Everything from the "Mom of eight-year-old" line to the final line of the listing should be written out exactly. Skip the pictures.

▶ _GIVEN INFORMATION_

************

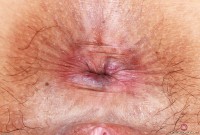 ATK hairy  in mature and hairy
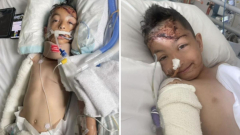 Mom of eight-year-old Melbourne kid seriously hurt when struck by automobile in Braybrook breaks silence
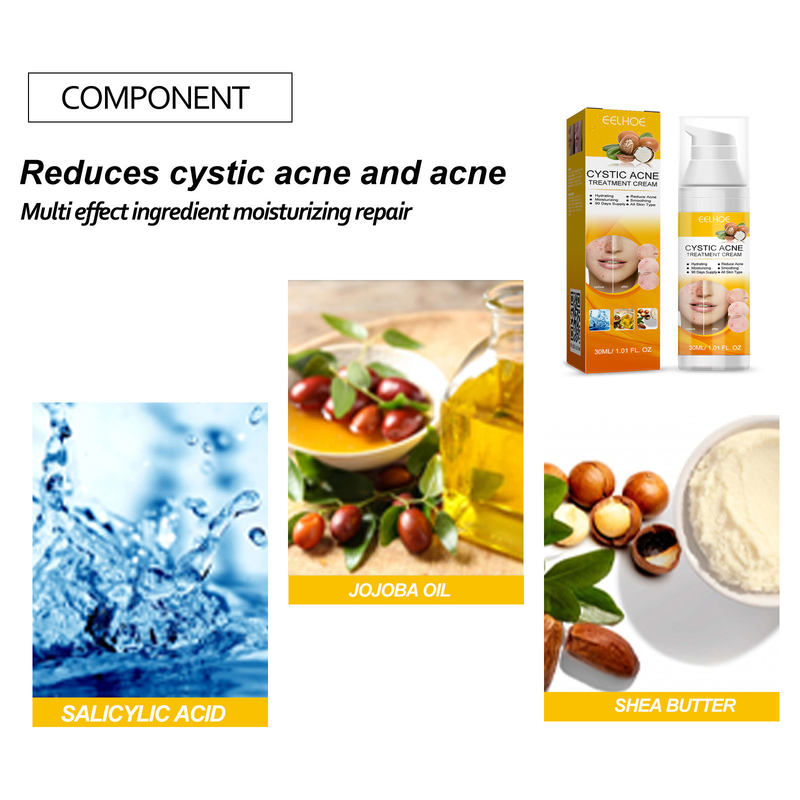 EELHOE Facial Skin Care Cleansing&Reducing Spots, Eliminating Acne and Shrinking Pore essence_voghion.com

************

▶ _EXERCISE ANSWER_
 Mom of eight-year-old Melbourne kid seriously hurt when struck by automobile in Braybrook breaks silence
 EELHOE Facial Skin Care Cleansing&Reducing Spots, Eliminating Acne and Shrinking Pore essence_voghion.com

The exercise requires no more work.